Beginning with one room, it didn’t seem so formidable. In the mid 1980's the B & B business was so very different that it is now. Most of our business was about equally divided between word-of-mouth referrals, tourists who came off the street, and those who inquired via the Bar Harbor Chamber of Commerce. Our guests paid us by check, cash, or travellers checks.

With the advent of the internet everything changed. Our guests make their reservations online, well in advance of their visit. Thanks to the technology, the B & B business is infinitely more complicated, as we are forced to deal with the complexities of search engines and key words, slick web sites, and the constant pressure to upgrade our presence on the web, fueled by a flood of companies promising to do that. Now it is crucial to have a strong social media presence in addition to having a web site that is easily accessible via mobile phones. International booking sites like and Expedia are the preferred means of making reservations, so that smaller companies can’t compete. And then there’s Trip Advisor, Yelp, and others who strike fear in the hearts of B & B owners. Guests have an instant forum to praise but also slam their accommodations, sometimes for not such legitimate reasons.

Like so much else about the ramifications of this technology, what started as a great idea⎯a vehicle by which the public could share their experiences regarding accommodations⎯has too often been abused. Travellers are offered incentives to write favorable reviews as the innkeepers become frantic to improve their ratings. A great bed and outstanding breakfast are now just the basics which must be augmented by numerous amenities. Arguably, the bed and breakfast business must be one of the oldest enterprises, accommodating hungry and tired travellers coming off the road and seeking food and shelter, but the internet has made this business, like many others, infinitely more complicated and competitive.
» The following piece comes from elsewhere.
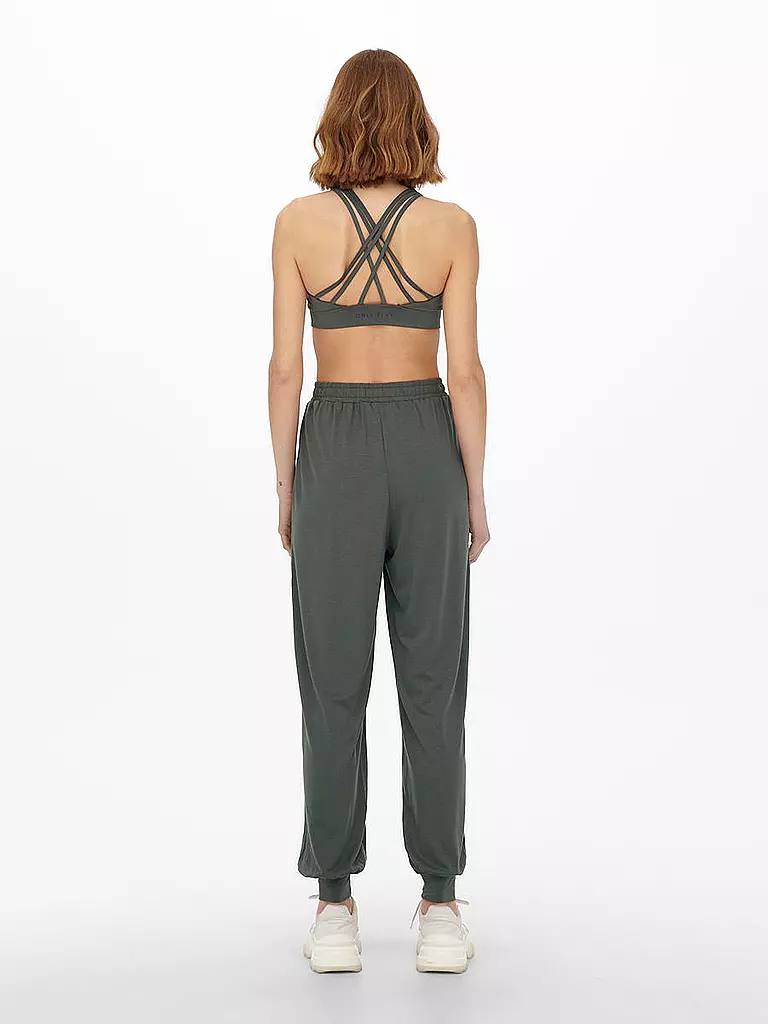 ONLY PLAY | Damen Yogahose Harems | grau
Just one of the challenges involves finding housing for household help, most of whom are coming from foreign countries to work in Bar Harbor, becoming renowned as a lucrative employment destination. Years ago, when Bar Harbor's lodging industry was mainly B & B's, the local high school students worked as housekeepers, among them my daughters who gained valuable experience, and who include among their respective professional achievements, being great cleaners.
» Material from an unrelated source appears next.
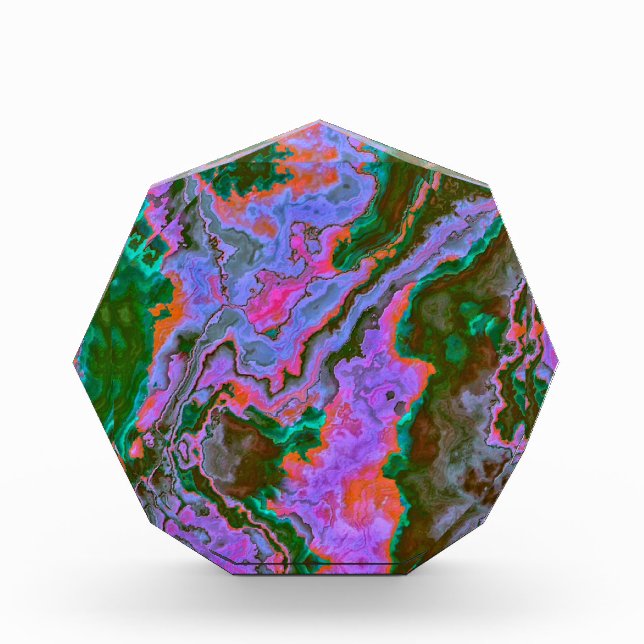 Bloqueo de fotos de Marble agrio (Anverso)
Today, as in the past, most of the local B & B’s are mom and pop operations (in which the pop is of the handy variety), eliminating the need for fix-it people, unlike the Shore Path Cottage which has been managed for years by mom and daughter(s) Luckily, these past few years, Lisabeth, an architect by profession with some hands-on carpentry skills has taken over, but there is no substitute for having a man around the house who can do heavy work. For several weeks in 2015 we were very fortunate to have Lisabeth's 18 year old son (and my grandson) Tuvie , a strapping young man, in residence and we took full advantage of his muscle power. Otherwise, like Blanche Dubois, we “rely on the kindness of strangers.” We are delighted when one of our guests with handy man skills noticing a little something that needs fixing and kindly offers to help. “Be my guest,” I assure him.

As I proceed step by step into retiring from this enterprise, I can’t conceive of totally cutting the proverbial apron strings. I am reminded of a poem that Maya Angelou wrote after giving birth in which she said “now that I am forever with child.” I am hoping to continue to help out, if only to cut up fresh fruit in the morning. Besides, I guess I am hooked on the delightful experience of meeting wonderful people from such a variety of places. It is, however, very gratifying to see the next generation taking charge of “my baby.” Beginning with the 2016 season, it will be my unqualified pleasure to buy my daughter Lisabeth a new apron.